In previous versions of Windows Clustering, it was not possible to define the IsAlive and LooksAlive interval per Resource. Now, starting with Windows Server 2008 cluster, it is possible to define the IsAlive and LooksAlive intervals per resource.

When you setup a cluster for the first time, the Cluster Service running on the node takes a snapshot of the cluster configuration and saves it in HKLM\Cluster key. This Key contains the cluster configuration such as the resource name, their GUID, node holding the resources and status. This is generally called cluster configuration database. As an example, for Virtual Machines it includes the following:

 

The PersistentState keeps the status of the Resources or Virtual Machines in the Cluster. The above shown Status column is just for your reference. The PersistentState 1 means Online and 0 means Offline. The “Status” column is not stored as a registry entry.
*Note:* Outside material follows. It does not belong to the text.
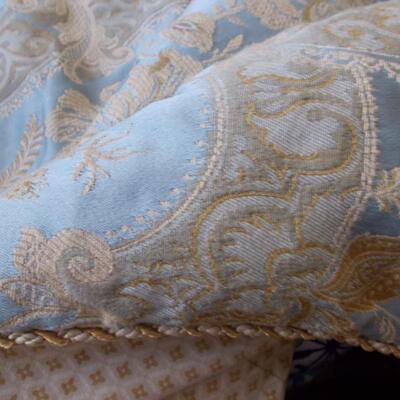 Beautiful Queen Comforter with Shams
This is also shown in the Cluster Registry hive:

 

FIGURE 1.3: PersistentState Entry in the Cluster Registry for Virtual Machine.

As you can see in Figure 1.3, the PersistentState registry entry value of Virtual Machine “Test Cluster VM” is 1 which indicates that the Virtual Machine is Online in the cluster.

Before the Resource Monitor executes any cluster function against the Virtual Machines or Cluster Groups, it looks at the cluster configuration database to check the status of all resources and their GUIDs. For example, let say we have a cluster group named “HyperV VMs”. All the Virtual Machines of Hyper-V reside in this group. When IsAlive interval expires (5 seconds by default), the Resource Monitor executes the IsAlive call against the “Hyper-V VMs” Cluster Group. It hands over the Resource GUID and Status to the Hyper-V Virtual Machines Resource DLL (VMCLUSRES.DLL). VMCLUSRES.DLL in turn executes the VM IsAlive call to check the Virtual Machines availability. Please note that VMCLUSRES.DLL doesn’t really know about the status of Virtual Machines. It is the Resource Monitor who supplies this information to VMCLUSRES.DLL.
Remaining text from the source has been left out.